Accomplishments that we're proud of
Although there were many hurdles and disappointments along the way, we're all happy and proud to say that we were able to do something that we didn't think was capable. We learned and successfully created a functional project in a new programming language none of us had touched before. This was honestly one of the proudest things we've worked on for a while, thinking back on it and seeing the fact how in just 2 days time we were able to learn a new framework and syntax, but still create something super functional with another new technology we never worked with, blockchain. We are also super proud that we were able to dive into a data structure unfamiliar to us, and use it effectively and in a correct manner.
What we learned
In this project, we learned a lot about blockchain technology and technologies associated with it such as hashing. As most of us are entering the age of jobs and internships, it was very nice to learn about this data structure. We also learned about coding in Ruby and using object orientated programming with Ruby to authenticate, and add information to local files. Although we were unable to implement a Mongo Cloud server, the process of trying to figure it out was also a learning process as we learned about the usability of Mongo straight from the cloud and we plan on using it for the other frameworks we regularly use. We also learned about creating routes, templates, and views using Rails. The process is quite similar to Node.js and Flask so we found it very interesting to see it done using Rails. Another thing we learned was how to work more efficiently on a project with Git while collaborating with others. My team members and I for the first time really understood the benefits of using version control software like Git and we chose to master it within the first hour of the hackathon to better utilize how we will make this project from the ground up. We were making sure to make small commits with meaningful messages so that if at any time we had problems, we could easily pinpoint the versions of the code and see where something went wrong.

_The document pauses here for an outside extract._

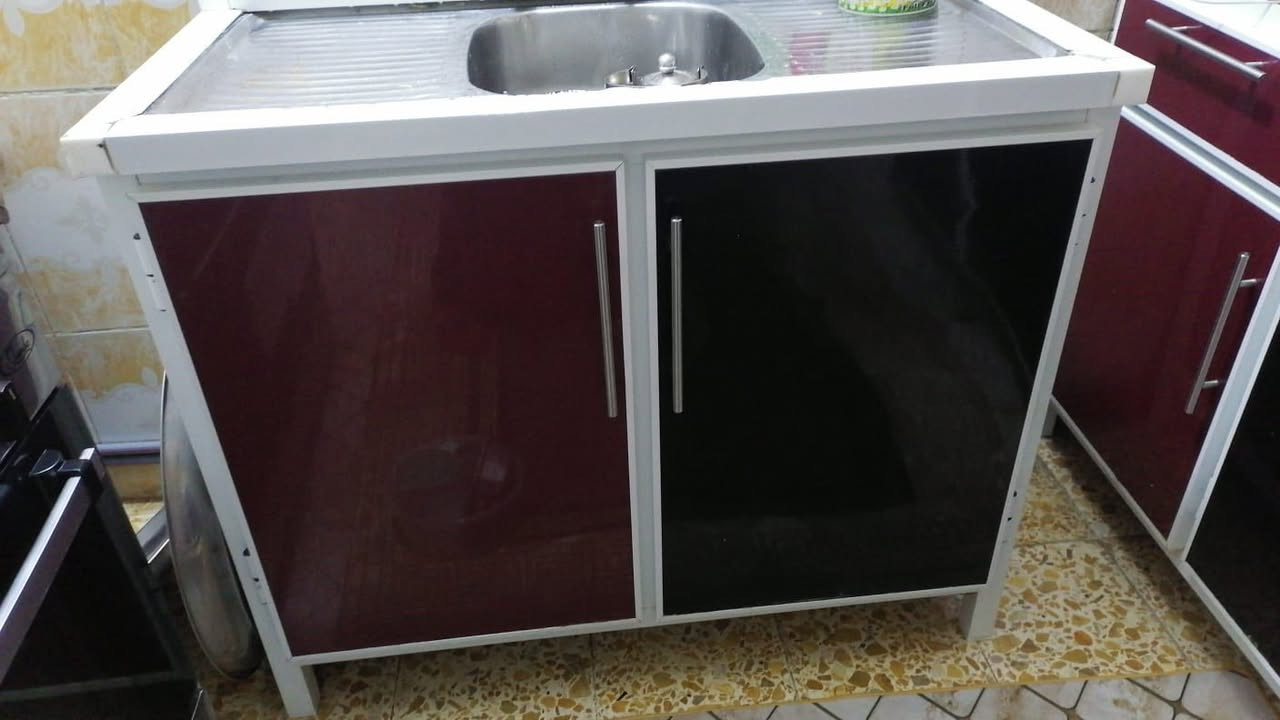 سلام عليكم كاونتر البيع نضيف كلش اخوً جديد سعره 300 رقم هاتف ***********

What's next for Online Passport
Like we said earlier, we were able to create a functional console application for it to demonstrate the possibilities of what this can do. Due to the time constraint, we were unable to fully utilize this to contain a nice user interface and cloud database, so that's definitely what we're going to be working on next. Once we design a nice front end with it and integrate it with Rails and MongoDB or another Database system, we can easily demo this project to others and prove the power of blockchain technology and how much time and money it can really save.